Petrol bomb pupil shot attacking German school
An 18-year-old pupil armed with an axe and knives attacked his school with petrol bombs in Germany today wounding nine classmates before he was shot and arrested.
He entered the Carolinum High School in the Bavarian town of Ansbach and threw one bomb before police were alerted and arrived at the scene, said Interior Minister Joachim Herrmann.
“Since the attacker threatened to use his weapons against the police, the officers opened fire,” Mr Hermann said, adding that the attacker, who was not identified, was wounded and in critical condition.
Udo Dreher, the chief police officer at the scene, said the youth was shot five times.
Two teenage girls were seriously injured by the attacker – one suffering burns and the other head injuries.
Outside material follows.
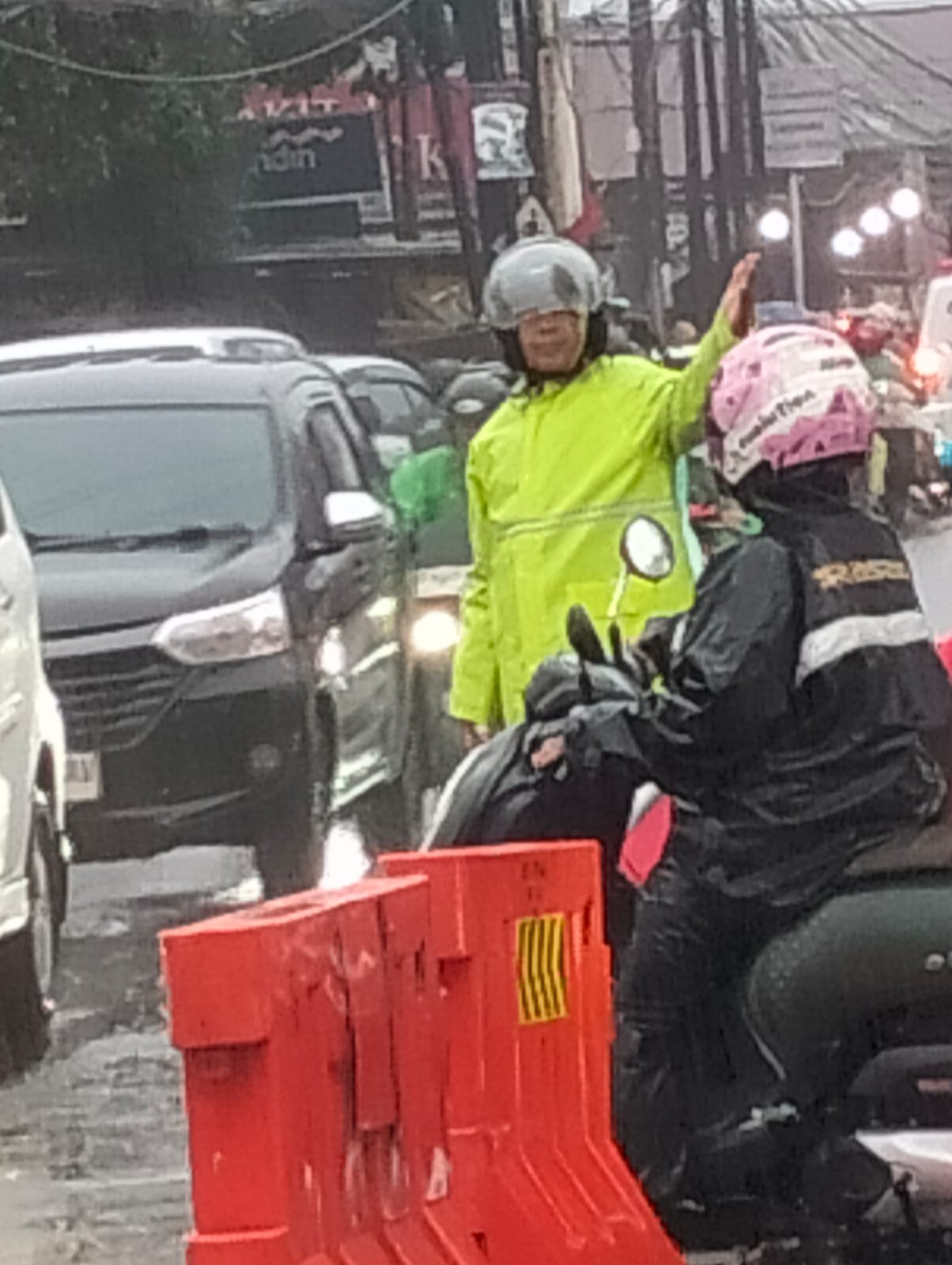 Polisi Kerahkan Personel, Atasi Kemacetan di Jalan Raya Muchtar Depok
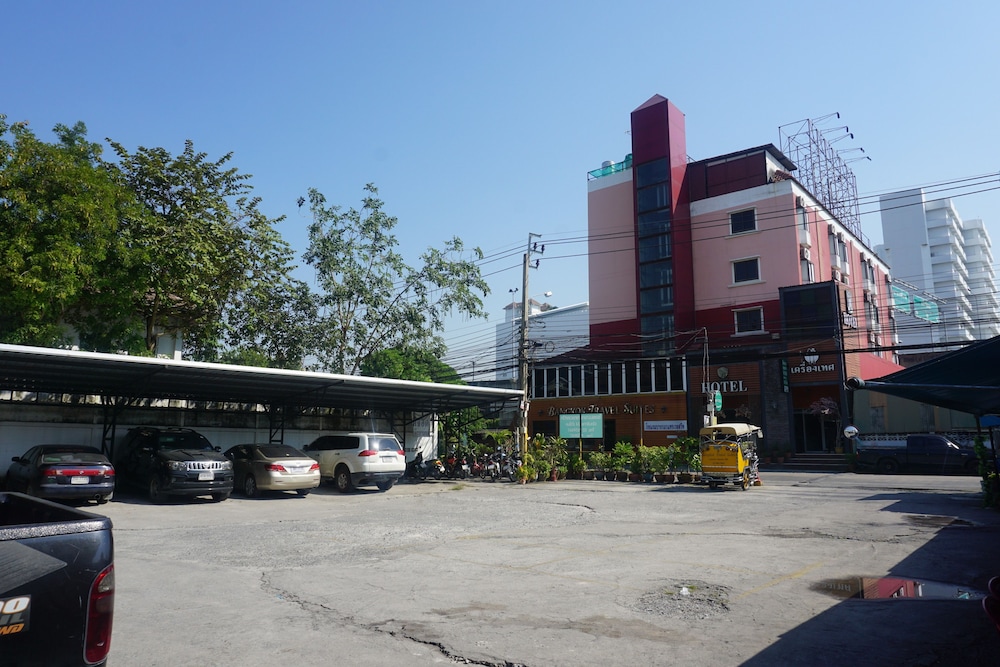 Bangkok Travel Suites 51/56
Mr Dreher said the pupil started his rampage armed with three petrol bombs, the axe and two knives. He was arrested 11 minutes after police were called to the scene.
Authorities said he had no police record and it was not clear what his motive was. There was no indication that he had said anything during the attack.
The school's 700 pupils were evacuated to a nearby building.
Carolinum was founded in 1528, making it the second-oldest public high school in Bavaria.
The incident was the second attack on a school in Germany this year.
In March, 17-year-old Tim Kretschmer shot dead 12 people at his former school in the south-western town of Winnenden. He fled the building and killed three more people before turning the gun on himself.
That was the nation’s second-worst school shooting after a 2002 shooting spree in Erfurt that left 17 dead, including the gunman.
After Kretschmer’s attack in Winnenden, Germany moved to tighten checks on gun owners.